• PROVIDED DATA:
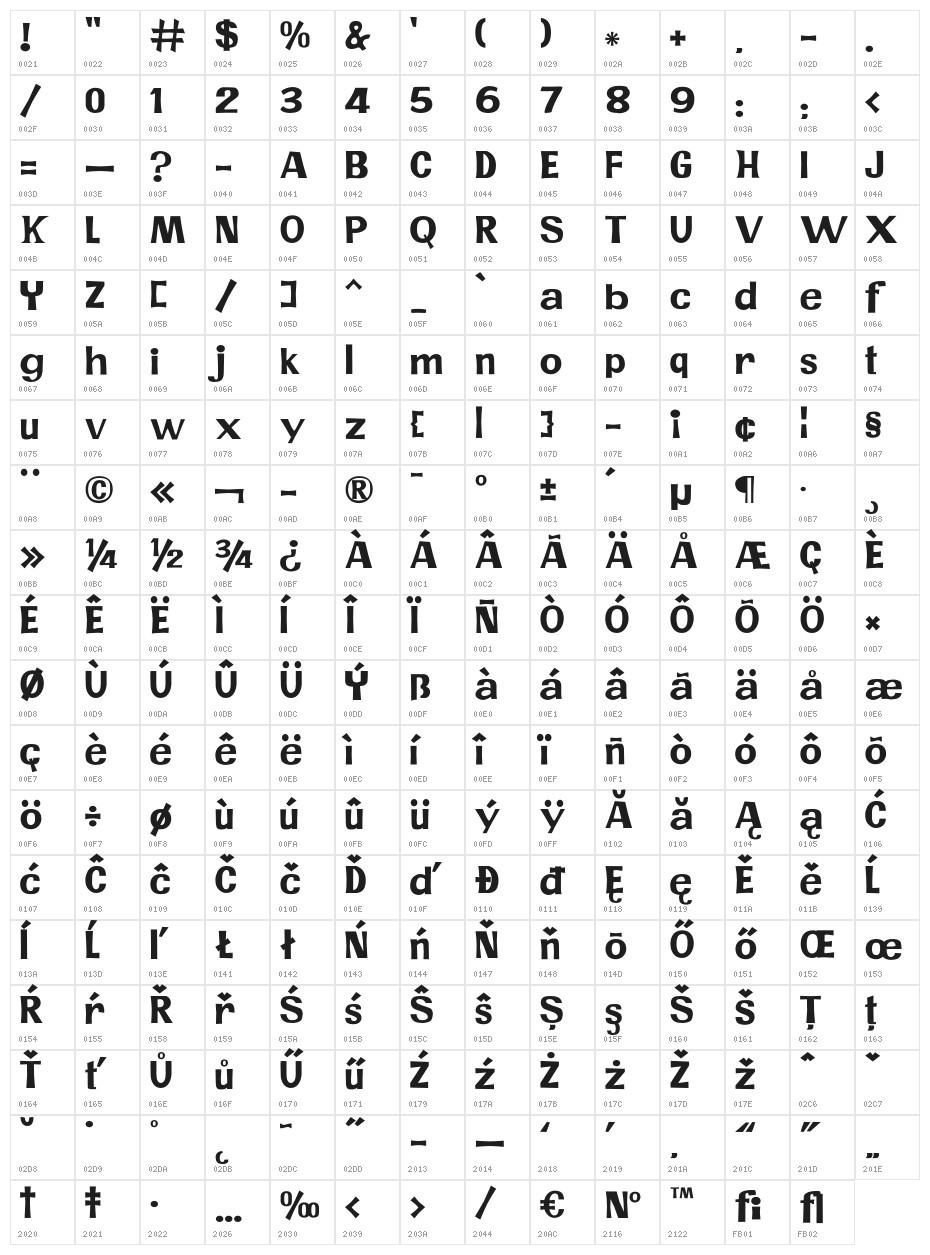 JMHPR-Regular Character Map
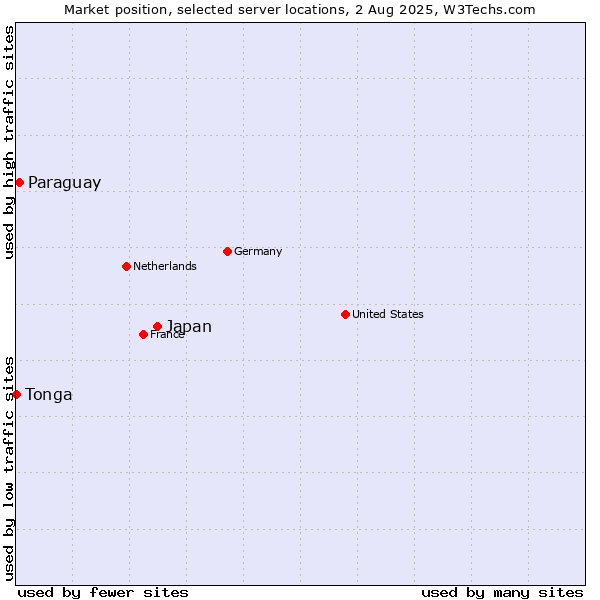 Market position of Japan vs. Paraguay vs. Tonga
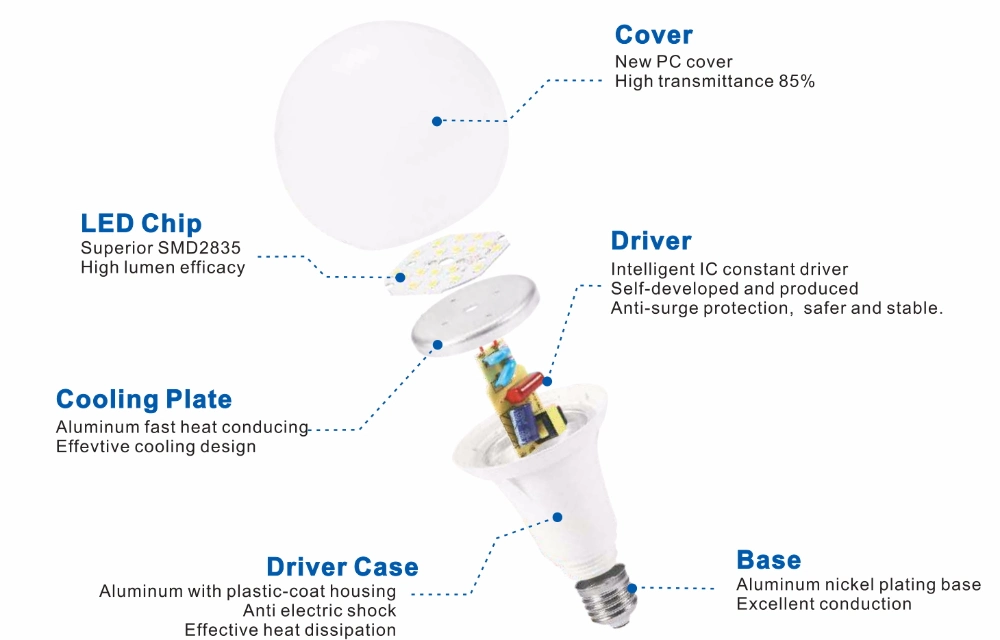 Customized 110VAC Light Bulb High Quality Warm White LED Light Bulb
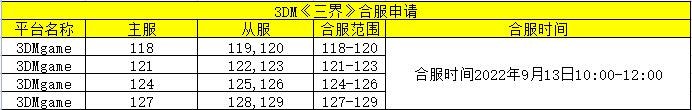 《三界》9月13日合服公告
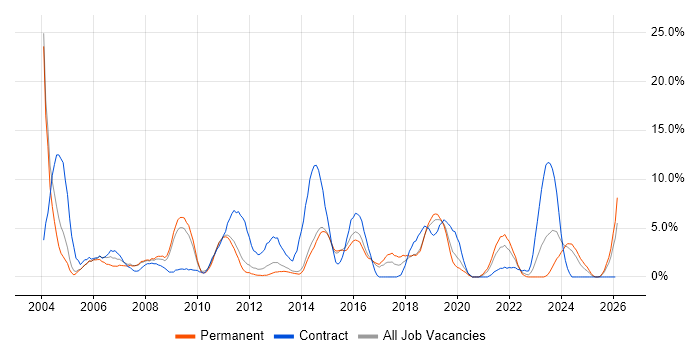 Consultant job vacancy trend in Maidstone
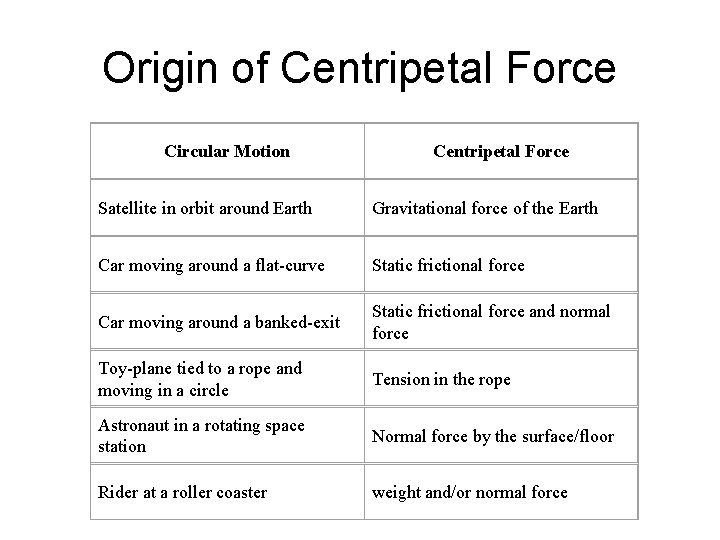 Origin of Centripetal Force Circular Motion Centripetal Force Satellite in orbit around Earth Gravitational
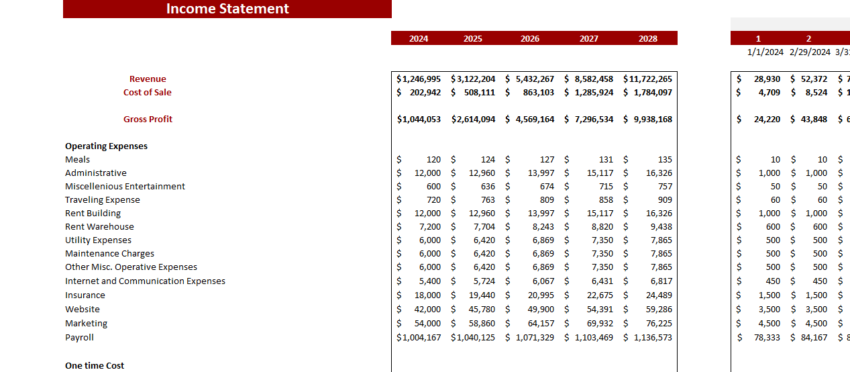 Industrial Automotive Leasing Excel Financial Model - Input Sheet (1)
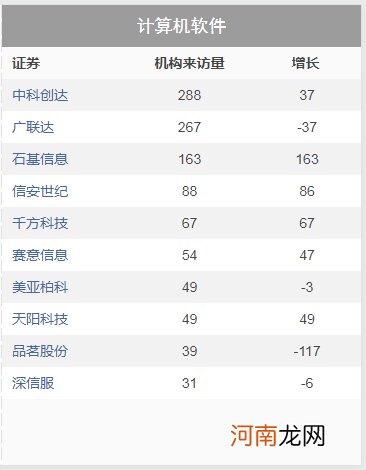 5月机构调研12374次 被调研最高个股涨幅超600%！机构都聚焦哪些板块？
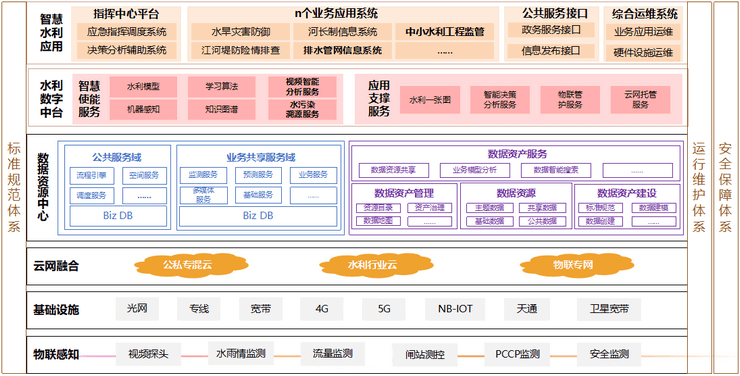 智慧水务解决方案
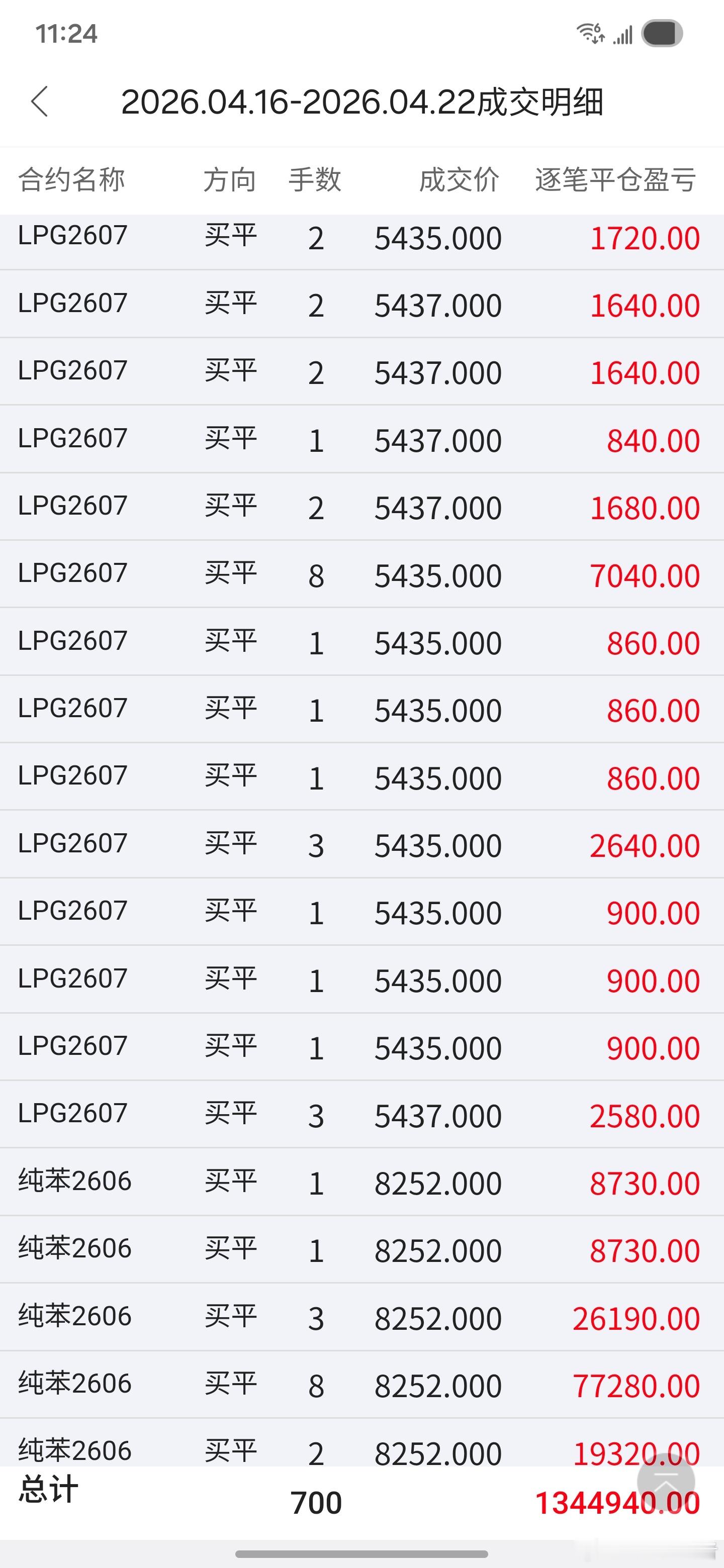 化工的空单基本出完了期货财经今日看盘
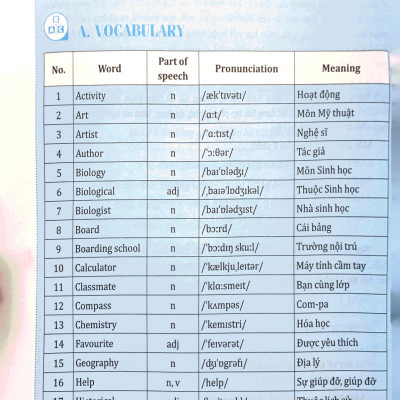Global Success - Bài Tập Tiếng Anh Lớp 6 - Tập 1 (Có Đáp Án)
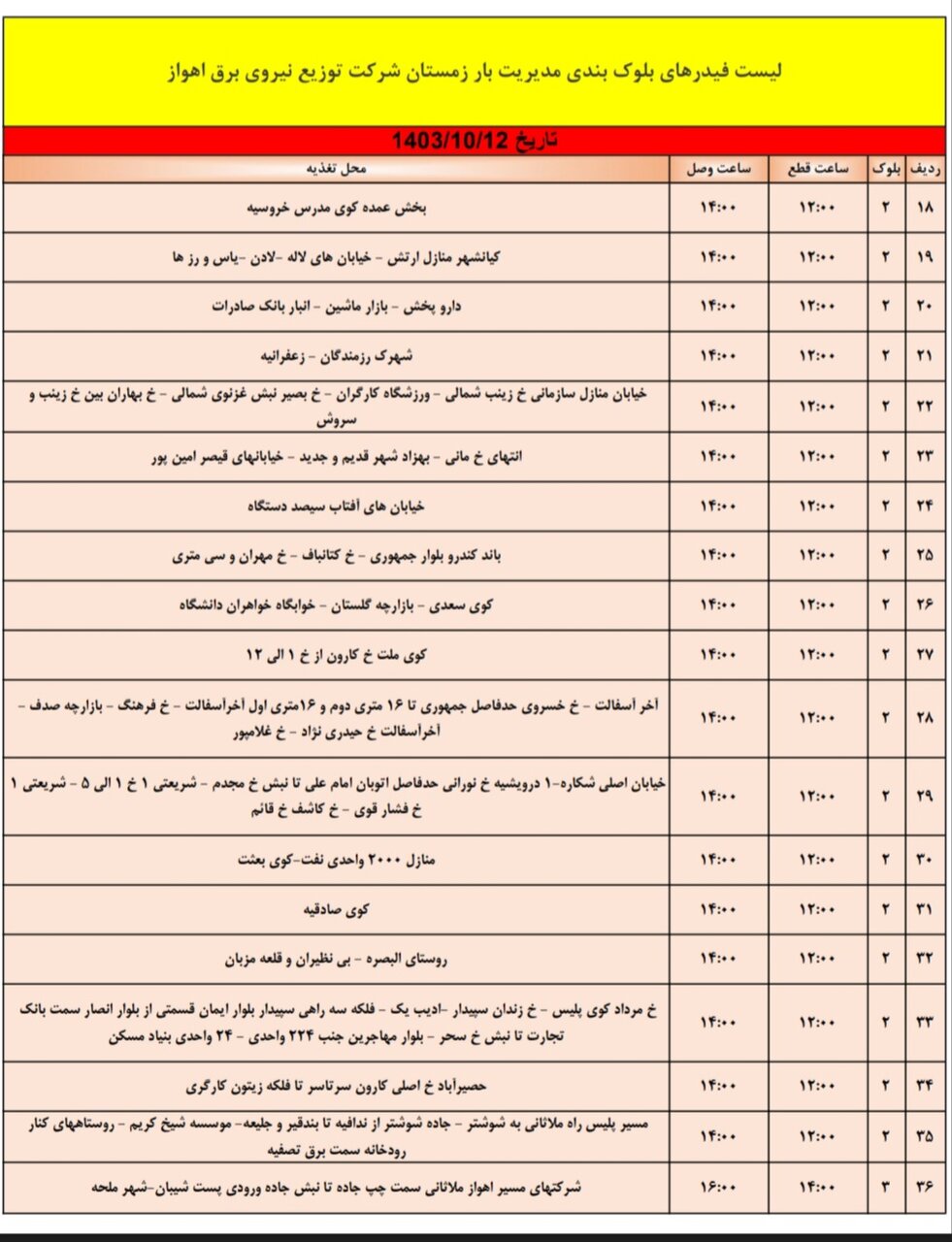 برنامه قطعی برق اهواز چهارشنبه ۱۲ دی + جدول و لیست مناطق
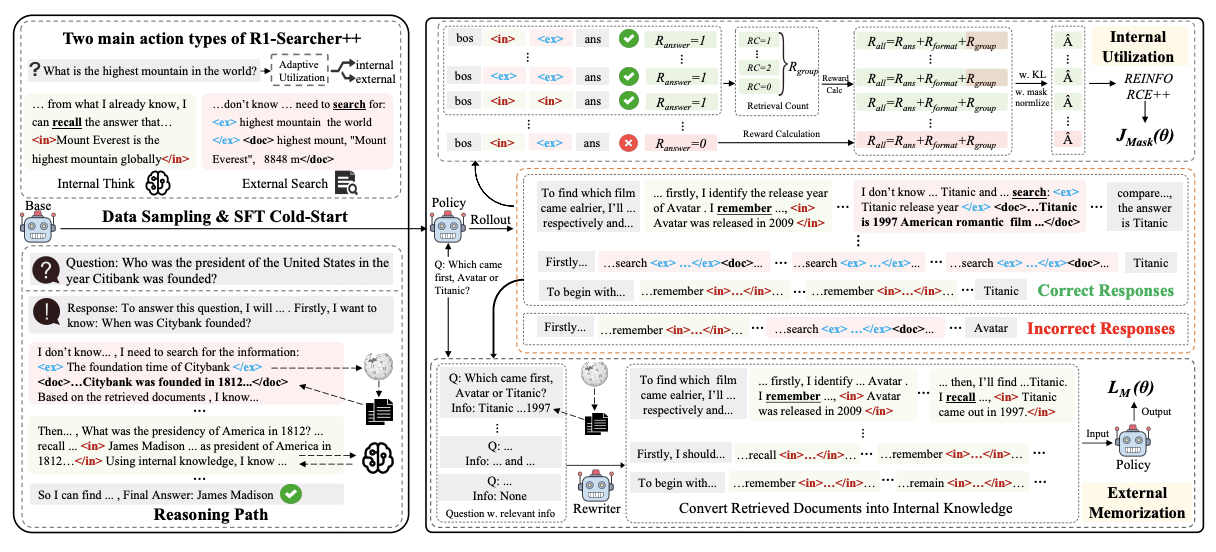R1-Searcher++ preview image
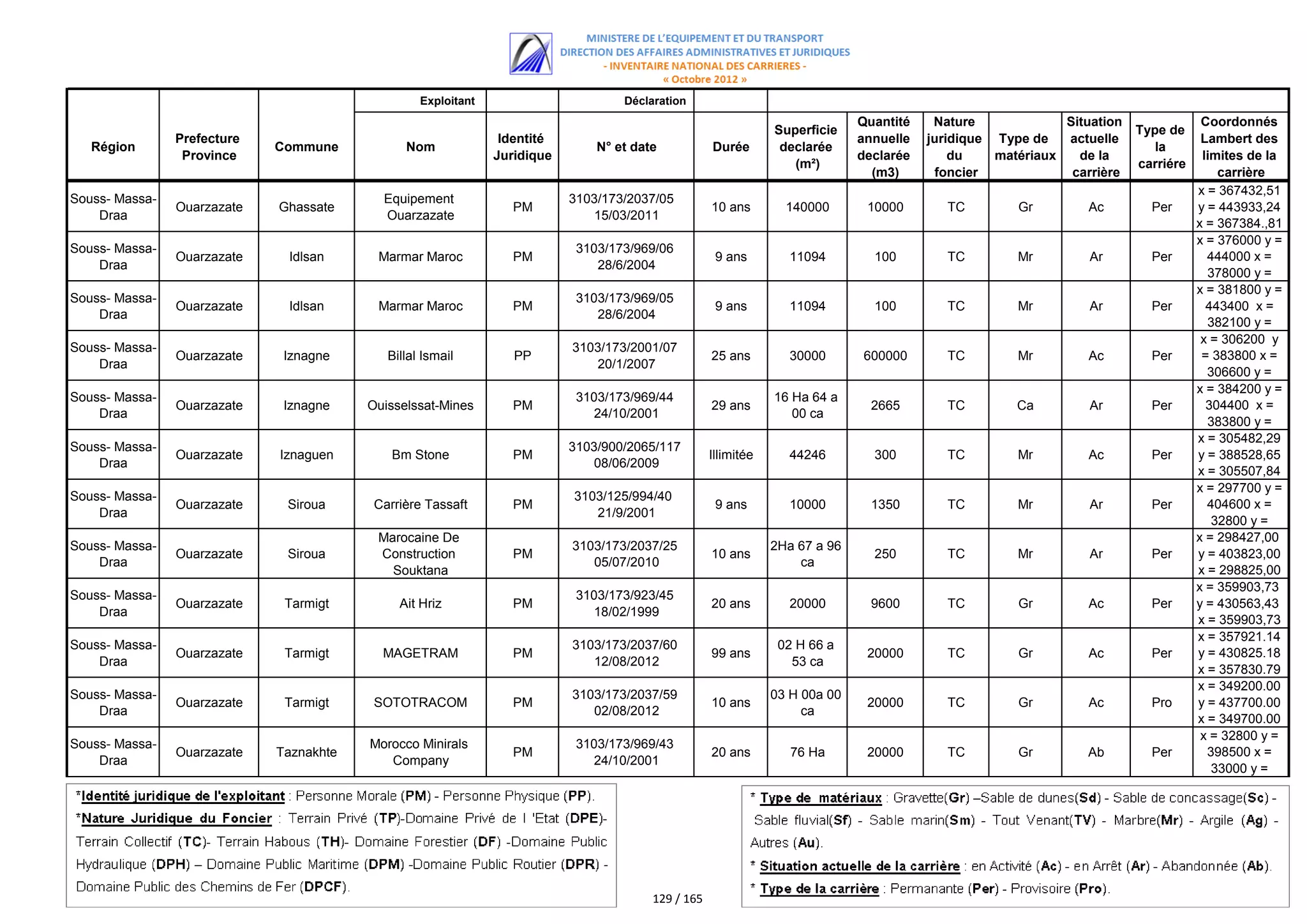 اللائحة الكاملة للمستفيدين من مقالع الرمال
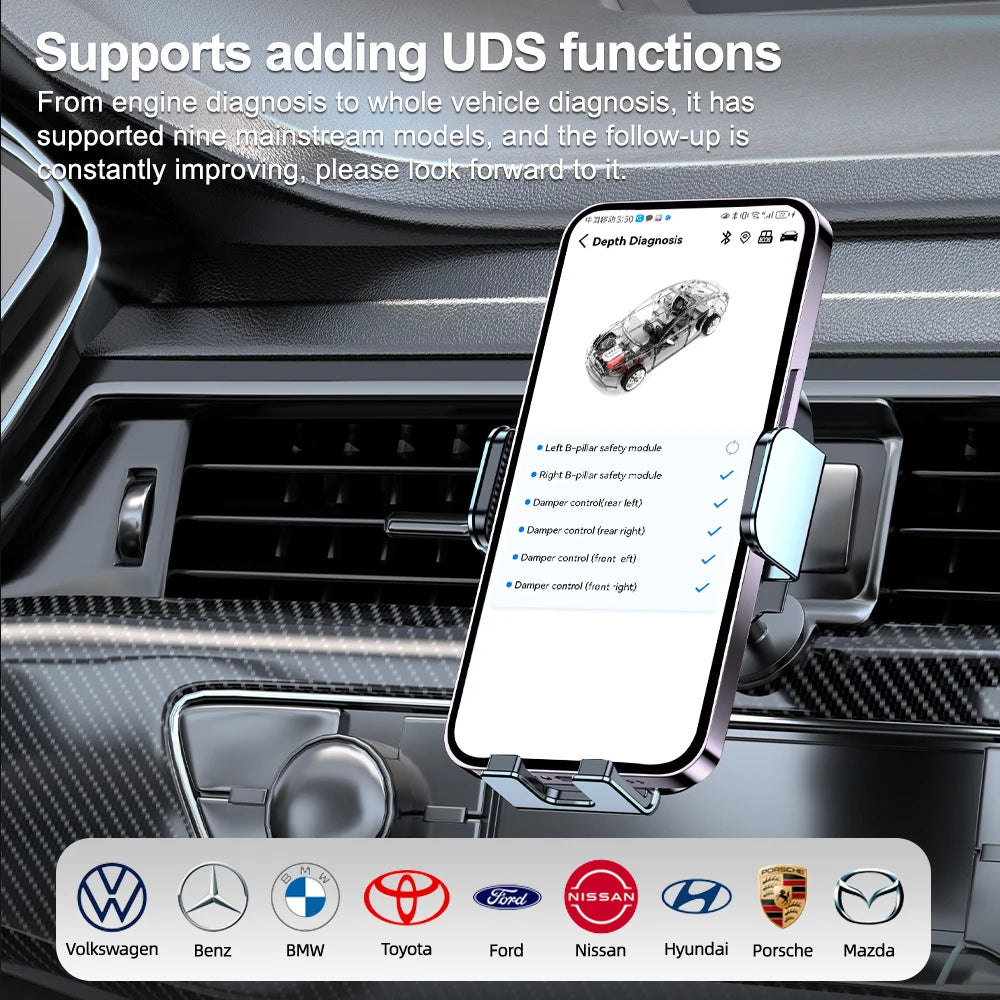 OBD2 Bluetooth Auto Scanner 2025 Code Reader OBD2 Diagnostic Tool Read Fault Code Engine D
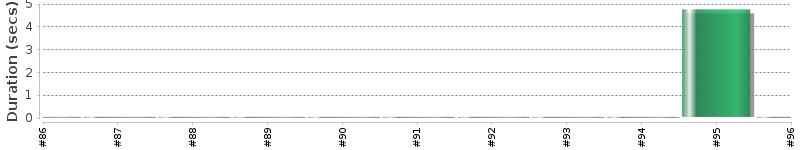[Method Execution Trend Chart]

• EXERCISE: The answer must consist solely of the lines from the first line of the records through the line containing "Global Success - Bài", reproduced exactly and without the pictures.

• ANSWER FOR THIS EXERCISE:
 JMHPR-Regular Character Map
 Market position of Japan vs. Paraguay vs. Tonga
 Customized 110VAC Light Bulb High Quality Warm White LED Light Bulb
 《三界》9月13日合服公告
 Consultant job vacancy trend in Maidstone
 Origin of Centripetal Force Circular Motion Centripetal Force Satellite in orbit around Earth Gravitational
 Industrial Automotive Leasing Excel Financial Model - Input Sheet (1)
 5月机构调研12374次 被调研最高个股涨幅超600%！机构都聚焦哪些板块？
 智慧水务解决方案
 化工的空单基本出完了期货财经今日看盘
Global Success - Bài Tập Tiếng Anh Lớp 6 - Tập 1 (Có Đáp Án)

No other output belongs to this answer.